Visited State Branching Scenario with Player Next Button State Changes

Mar 23, 2018

I'm not sure if I've chosen the best way to do this, but in the attached SL360 file I have a slide with 9 boxes, each a separate topic to be visited.  In my example, I am only showing one slide to be visited for each box.  In the actual courses there will be multiple slides under each.  For that reason I chose not to use layers.  When the main branching slide starts, I've triggered to disable the Next button on the player.  Then when all boxes (slides) have been visited, I trigger a state change to normal.  I have tried all three "when revisiting" options for the main slide (of course resetting it I know will not work as it will reset the visited states of the boxes).  It looks like the Next button does change to normal for a fraction of a second and then disables again.  I even made sure that the trigger to change to normal state comes after the trigger to disable the button.  It works when I preview the slide only, but does not when previewing the scene or when I publish/upload to Articulate Review.  IS this a bug, or am I doing something wrong?

10 Replies
Michael Anselmo

Awesome Wendy.  Thank you!  Any chance you can explain why using the states all visited trigger doesn't work, and why it had to be in the format you used with conditions?  I figured that since that trigger came after the disable trigger, it would have seen that all of the shapes had been visited and change the Next button to normal?  Is it because that trigger only occurs once, the first time the slide is visited, and since we must set the slide to 'resume saved state', it will not look at my trigger again, but will look at those triggers that have to do with when the timeline starts?  Thank you again!

Wendy Farmer
Michael Anselmo

why using the states all visited trigger doesn't work, and why it had to be in the format you used with conditions?

Hi Michael

The visited state occurs as soon as the user clicks the button but because you had the slide properties set to 'reset to initial state', each time the user came back to the slide the visited state was reset to normal so your trigger when 'all are visited' never occurred.

If you were using layers on the same slide that trigger would probably work but since you are leaving the main slide then returning you want two things to happen.  e.g.

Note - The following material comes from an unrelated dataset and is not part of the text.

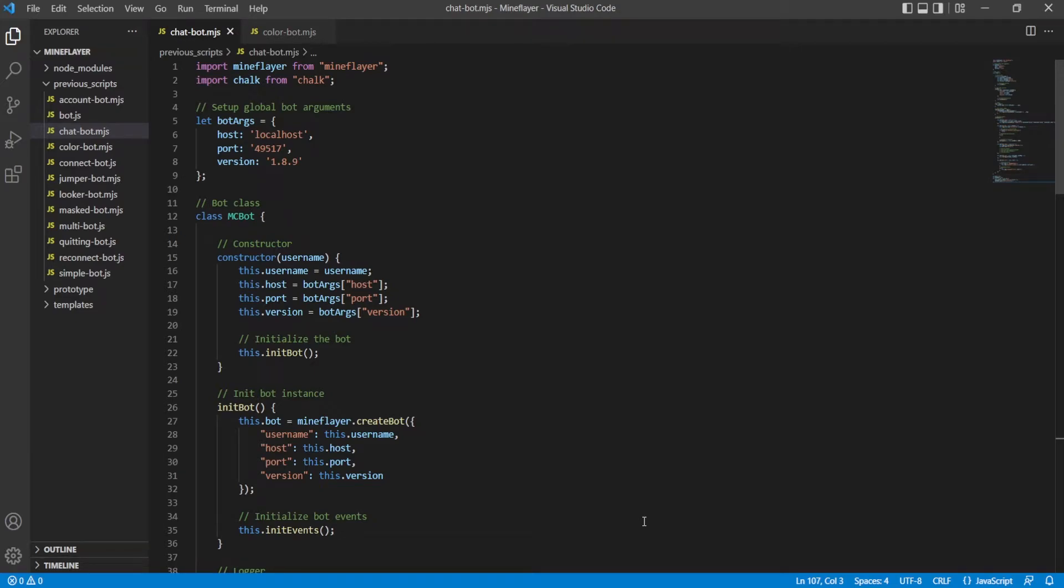Hey guys, 0x and welcome back to another Mindflare tutorial. In this episode, we're going to be taking chat logs from in-game and converting them over to chat logs in the console.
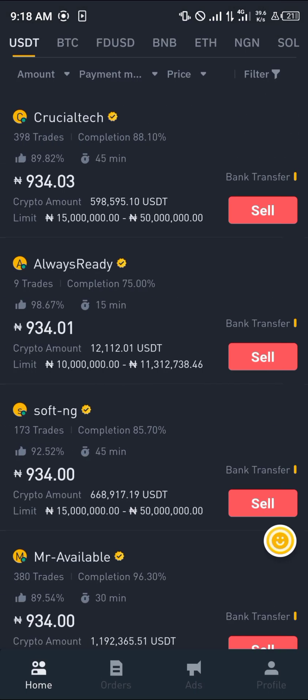Do comment down below if you've got any questions about how to sell crypto on Binance and you'll be given an answer. Thank you.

For SL to remember that buttons 1 and 2 have been clicked so you set the revisit option to 'resume saved state' and you want the Next button to change once all nine buttons are visited and the user returns to the 'hub' slide.

You want SL to check what is the state of everything each time the timeline restarts so 'when the timeline starts' and putting the states into the conditions is the approach I would take.

The beauty of SL is you can achieve the same outcome in different ways so others may chime in with a different approach...I use what works for me :-)

Hope that explains it.

Michael Anselmo

Thanks again Wendy.  I actually did try my original triggers with the slide set to 'resume saved state', but I was trying all of the settings and must have left it on the 'reset to initial state', even though I was sure that was not going to work.  Your method will help me in the future for sure, and the courses I have been working on all pretty much similar original PowerPoint presentations with a 'hub' or 'base' slide with the topics laid out as I had the numbered boxes, and they expand on each, repeating the 'hub' slide showing the topic covered (but it's all linear).  I've just been converting some past Power point Product training, trying to make it a little interactive at least, giving the learner the option to choose the topics in any order they prefer.  Thanks again for your help.  I think using similar logic will also help me with other scenarios I will come across in the future.

Michael Anselmo

Thank you Melanie.  That also worked, and with one less trigger/  I believe I got the idea to disable the Next button initially from a recent Articulate Live webinar where (I think it was David Anderson) showed an example of not allowing the learner to proceed until completing some things and said not to hide the button, but to disable it.  If disabled, then it's clear to the learner that they cannot proceed or that there is more to do before moving to the next slide.  If it's hidden, they may get confused, and if it's there and appears that it should work, I think they also may get confused?  I did something like this before, but at that time I had created my own Previous and Next buttons (and disabled the player buttons).  I didn't have an issue then,  but they was more work to add those.  Thank you!

Melanie Sobie

Glad this information was helpful. I learned this technique from a Storyline newbie I worked with a couple of years ago. I was so surprised - I had never considered not disabling the next button at the beginning of the slide, and thought her alternative method of locking the next button based on the conditions was brilliant! :-)

Wendy Farmer
Michael Anselmo

If disabled, then it's clear to the learner that they cannot proceed or that there is more to do before moving to the next slide.

Good point Michael - that's why I prefer to disable the button otherwise if it's looks clickable but the user can't progress they get frustrated. If I do want to leave it in a normal state, then I add a popup hint that displays for a few seconds 'You must complete all activities on screen before clicking Next' or something visual like that.